In an article by Yosef Abramowitz in the current issue of Moment magazine, Bronfman is quoted as saying: “I had hoped to break through all the Jewish organizational bull. I didn’t know there was a cabal of mainly professionals.”

Bronfman said that top federation lay leaders should be given more than two years to realize their visions and that donors need to be better able to earmark their funds for specific programs.

“We’re denying donors their passions because we say give to the general, don’t give to the particular,” he said.

ADL Report: No Change

According to a new Anti-Defamation League audit, there were 1,557 antisemitic incidents in 2003, down two from the year before and well below the high of 2,066 incidents reached in 1994. The ADL began tracking such incidents in 1983.

The ADL’s national director, Abraham Foxman, cautions that the report is simply one “snapshot” among many that together form a broader picture. They include the ADL’s most recent biennial survey, in 2002, which showed that 17% of Americans, or 35 million adults, hold “unquestionably antisemitic” views, reversing a decade-long decline.

“There is enough to be worried about,” Foxman said.

Based on law-enforcement records and reports to the ADL, the annual audit categorizes antisemitic attacks as harassment — threats or physical assaults — or vandalism, including attacks on communal institutions, such as cemeteries and synagogues.

In 2003, 40% of the antisemitic incidents were categorized as vandalism, up 18% from the previous year, while harassment fell by 9%.

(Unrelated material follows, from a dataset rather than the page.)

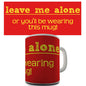Leave Me Alone Or You Will Be Wear This Novelty Mug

Continuing a trend, those states with the largest Jewish populations saw the most incidents, with New York leading.

Antisemitism in Toronto

Unknown perpetrators in Toronto broke seven stained-glass windows at the Pride of Israel Synagogue and spray-painted swastikas and antisemitic messages at various locations along Bathurst Street. United Jewish Appeal signs in the city were defaced, and swastikas were painted on a clothing donation box. The damage was discovered March 20. In a separate incident, 22 cemetery tombstones were toppled in the nearby Bathurst-Lawn Jewish Cemetery. The incidents took place only days after vandals spray-painted swastikas and hateful messages in a Jewish neighborhood in the Toronto suburb of Thornhill.

Reporter Lied About Israel

Among the stories former USA Today reporter Jack Kelley lied about were several concerning Israel, according to the newspaper. An investigation by USA Today, which announced recently that it had discovered that the veteran correspondent had fabricated large parts of his work, found that, among others, Kelley’s eyewitness account of a suicide bombing in Israel was false.

That story helped make Kelley a 2002 Pulitzer Prize finalist.

Federation Stays in UJC

A Virginia federation voted to maintain its membership in the roof body of North American Jewish federations. In January, United Jewish Communities threatened to oust the United Jewish Federation of Tidewater over its delinquent dues payments. The Virginia federation had complained that the dues were too high, UJC services were poor and not enough funding went to UJC’s overseas partner, the American Jewish Joint Distribution Committee. However, the federation’s board voted Wednesday night to pay its dues of roughly $175,000, or 5% of the federation’s $4 million annual fundraising campaign.

Shooting Victim Ordained

Nachum Sasonkin, shot in an attack by an Arab terrorist 10 years ago on the Brooklyn Bridge, was ordained as a rabbi. Sasonkin was critically injured when he was 18 in the attack on a van full of chasidic Jews in New York on March 1, 1994, which killed Ari Halberstam, 16. Doctors had not expected Sasonkin, who was declared brain dead and had extensive physical injuries, to survive. But Sasonkin gradually recovered his physical functions and his ability to speak, and the young Lubavitcher chasid eventually resumed his yeshiva studies. Now a father, Sasonkin received his rabbinical ordination Sunday from the Rabbinical College of America, in New Jersey.